Across all creatures that invest in childcare, it’s much more common for mothers, not fathers, to bear the responsibility of parenthood. But, as is often the case in the animal kingdom, there are exceptions. These animal dads, who all represent egg-laying species, help out by either incubating, protecting, or otherwise shepherding offspring out of a shell and into the wide-open world.
The seahorse might be the classic example of animal fathers that defy conventions. These male fish have skin pouches in their midsections where they fertilize and incubate eggs that are dropped off by the females. When seahorse fathers get pregnant, it’s a complex ordeal: As a 2015 study found, the reproductive process involves more than 3,000 genes, which determine the dads provide for their young before they swim away. For example, inside that pouch, the developing seahorses receive calcium and other nutrients to build up their skeletons.
Giant water bugs
Giant water bugs, sometimes called “toe-biters” thanks to their painful nips, are predatory insects that grow up to three inches long. Although they have a fearsome appearance—another nickname is “alligator tick”—males prove to be protective fathers. After mating, a female water bug lays 100 or more eggs in a clump on the male’s back. He will guard these for about a week or two until the nymphs, which look like mini adults, hatch.

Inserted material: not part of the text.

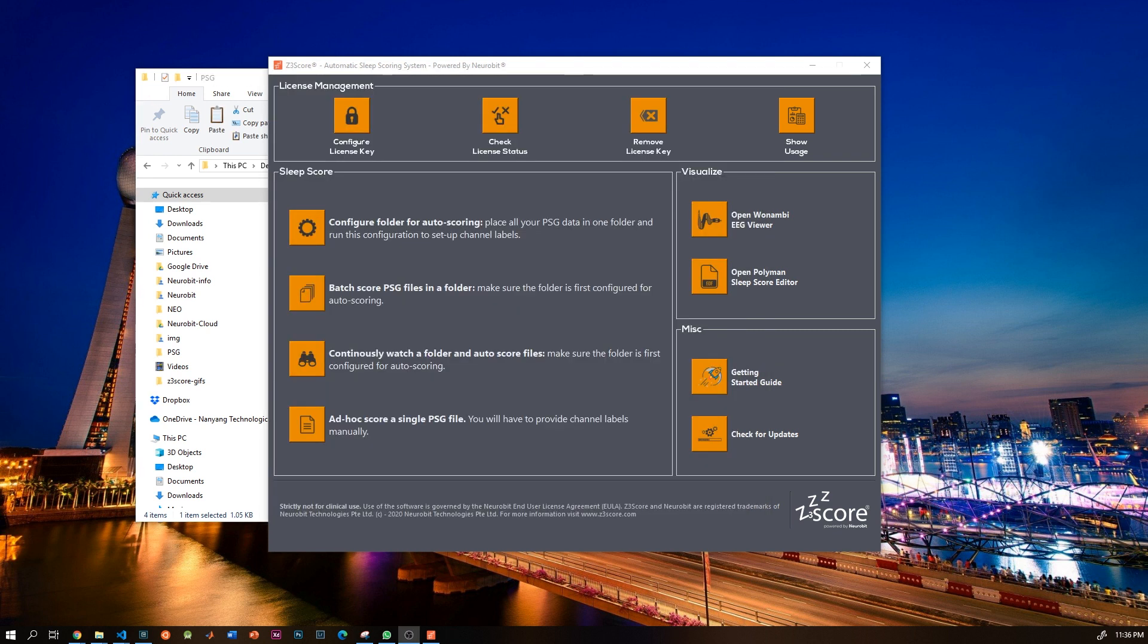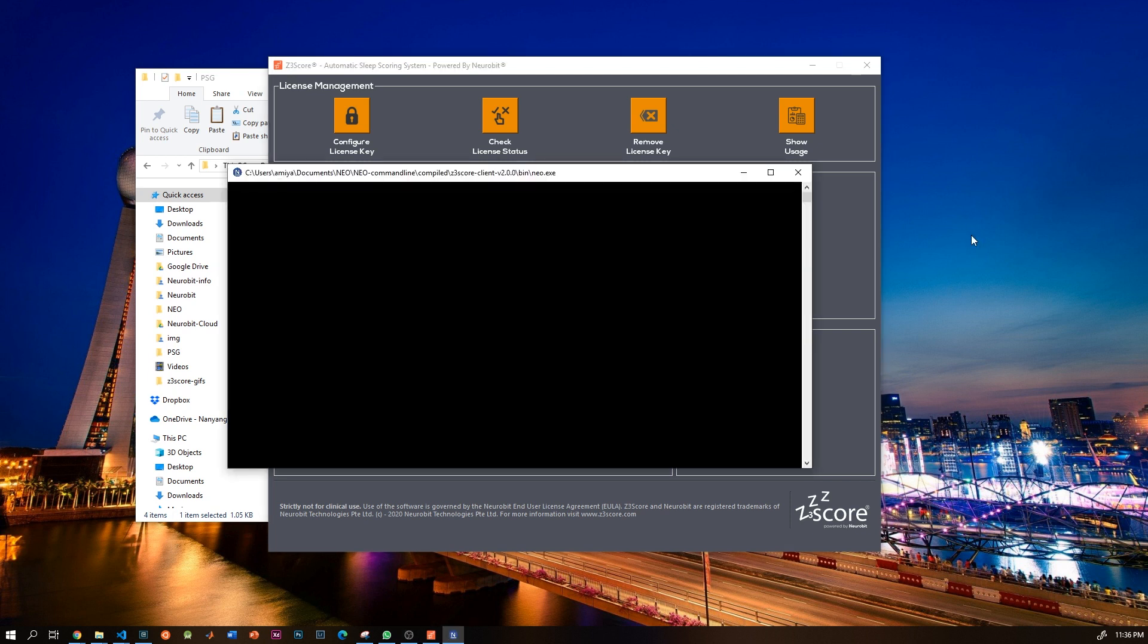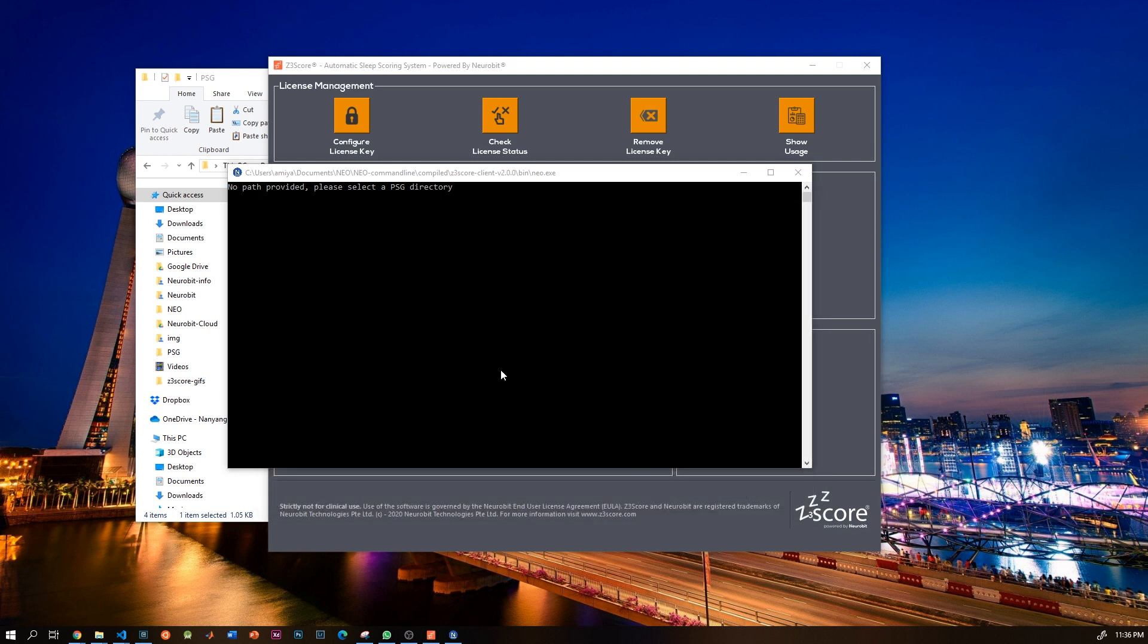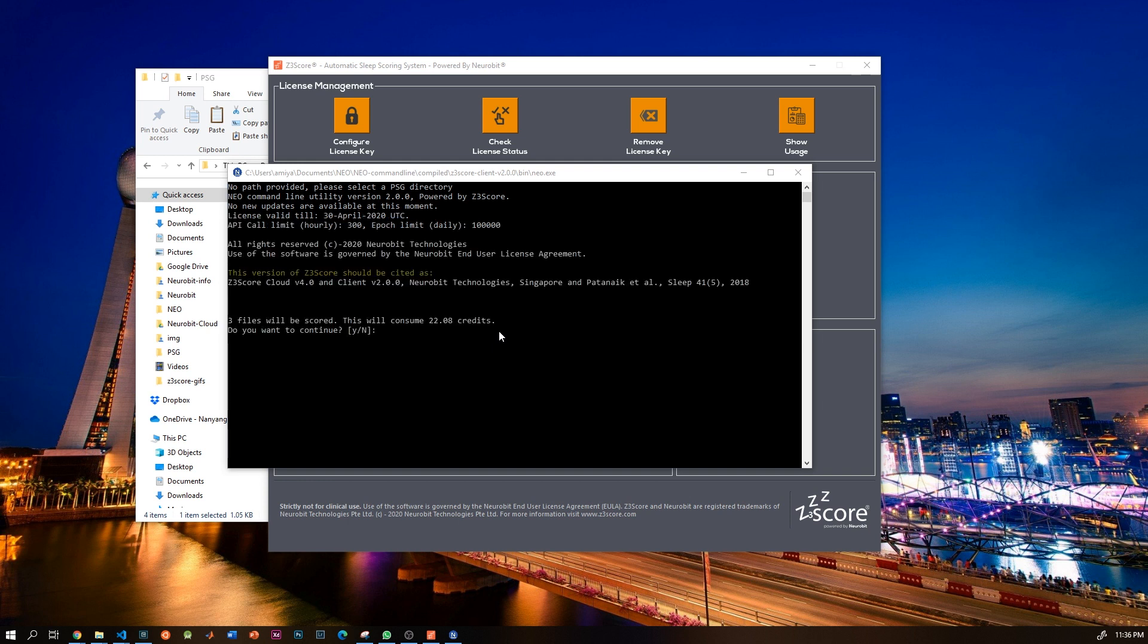Let's do batch scoring for all the files in the folder. Press batch score EDF files and just select the folder. It reads the channel configuration and all the EDF files. So scoring these files will consume 22.08 credits. If that is okay, say yes. So I'll say yes, and then within minutes all the data is scored.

For some fishes, the safest place for freshly laid eggs is in dad’s mouth. This behavior, called mouthbrooding, has evolved independently across millenia in at least seven families of fish; depending on the species, the egg-holder might be mother or father, who will keep fertilized eggs tucked safely behind their jaws. But the strategy can also be exploited. The cuckoo catfish, found in Lake Tanganyika, the world’s longest freshwater lake located in Sub-Saharan Africa, sneaks its own eggs into clutches laid by cichlid fish. When the cichlid parent gathers up all the eggs in its mouth, it might wind up unwillingly protecting catfish children, too.
Smooth guardian frogs
During mating season on the leafy floors of Bornean forests, male smooth guardian frogs call out to females, who lay 15 to 20 eggs before scampering off. The males watch over the brood for about two weeks. When the eggs hatch, “the tadpoles scramble on the back of the male,” said ecologist Johana Goyes Vallejos, then a postdoctoral research associate at the University of Kansas, in a 2018 press release. They’ll ride on dad until he can pick a safe spot: “The male takes them throughout the forest to find small pools to be deposited where they can finish their development.”
When it comes to South America’s largest birds, incubation is for the dudes. Researchers have observed males of the flightless species attending to a clutch of eggs for up to six weeks. The dads then cared for the newborn chicks for another six months. Other father birds that incubate eggs include Antarctica’s emperor penguins. Males will keep a single egg warm snug in their brood pouch for up to 67 days—a record among penguin species— while the females return to the seas to hunt fish.
As a dramatic final act, some male praying mantises willingly become food for their mates. While that might seem like a rough deal for dad—he won’t be around to tend mantis eggs or see his young grow up—getting devoured could benefit the long-term survival of the insect offspring. Cannibalistic female mantises produce more eggs than mantises who don’t eat their mates, a 2016 research paper concluded. The mothers also get plenty of amino acids, the building blocks of proteins, from snacking on their partners.
If you’re a bald eagle, parental hormones can be a powerful calling: Mated pairs typically split the caretaking duties for their eggs. But Murphy, a captive male eagle at a Missouri bird sanctuary, was so overcome with these chemicals, he built and defended a nest for a rock. When an orphaned eaglet needed a parent, Murphy’s caretakers swapped out the stone for the chick. After a week of cautious introduction, Murphy became a surrogate father for the young bird, who will be under the older eagle’s wing until a planned release this summer.